As a rule, a boy will do anything, or almost anything, to go to a
theatre. His delight in the drama is extreme--it possesses and absorbs
him completely. Mr. Pepys has left on record Tom Killigrew's "way of
getting to see plays when he was a boy." "He would go to the 'Red
Bull' (at the upper end of St. John Street, Clerkenwell), and when the
man cried to the boys--'Who will go and be a devil, and he shall see
the play for nothing?' then would he go in and be a devil upon the
stage, and so get to see plays." In one of his most delightful papers,
Charles Lamb has described his first visit to a theatre. He "was not
past six years old, and the play was 'Artaxerxes!' I had dabbled a
little in the 'Universal History'--the ancient part of it--and here
was the Court of Persia. It was being admitted to a sight of the past.
I took no proper interest in the action going on, for I understood not
its import, but I heard the word Darius, and I was in the midst of
'Daniel.' All feeling was absorbed in vision. Gorgeous vests, gardens,
palaces, princesses, passed before me. I knew not players. I was in
Persepolis for the time, and the burning idol of their devotion almost
converted me into a worshipper. I was awe-struck, and believed those
significations to be something more than elemental fires. It was all
enchantment and a dream. No such pleasure has since visited me but in
dreams." Returning to the theatre after an interval of some years, he
vainly looked for the same feelings to recur with the same occasion.
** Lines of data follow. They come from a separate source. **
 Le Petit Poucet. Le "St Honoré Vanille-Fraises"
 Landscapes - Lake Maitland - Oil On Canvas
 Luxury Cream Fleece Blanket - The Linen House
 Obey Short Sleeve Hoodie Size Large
He was disappointed. "At the first period I knew nothing, understood
nothing, discriminated nothing. I felt all, loved all, wondered
all--'was nourished I could not tell how.' I had left the temple a
devotee, and was returned a rationalist. The same things were there
materially; but the emblem, the reference was gone! The green curtain
was no longer a veil drawn between two worlds, the unfolding of which
was to bring back past ages, to present a 'royal ghost'--but a certain
quantity of green baize, which was to separate the audience for a
given time from certain of their fellow-men who were to come forward
and pretend those parts. The lights--the orchestra lights--came up a
clumsy machinery. The first ring, and the second ring, was now but a
trick of the prompter's bell--which had been, like the note of the
cuckoo, a phantom of a voice; no hand seen or guessed at which
ministered to its warning. The actors were men and women painted. I
thought the fault was in them; but it was in myself, and the
alteration which those many centuries--of six short twelvemonths--had
wrought in me." Presently, however, Lamb recovered tone, so to speak,
as a playgoer. Comparison and retrospection soon yielded to the
present attraction of the scene, and the theatre became to him, "upon
a new stock, the most delightful of recreations."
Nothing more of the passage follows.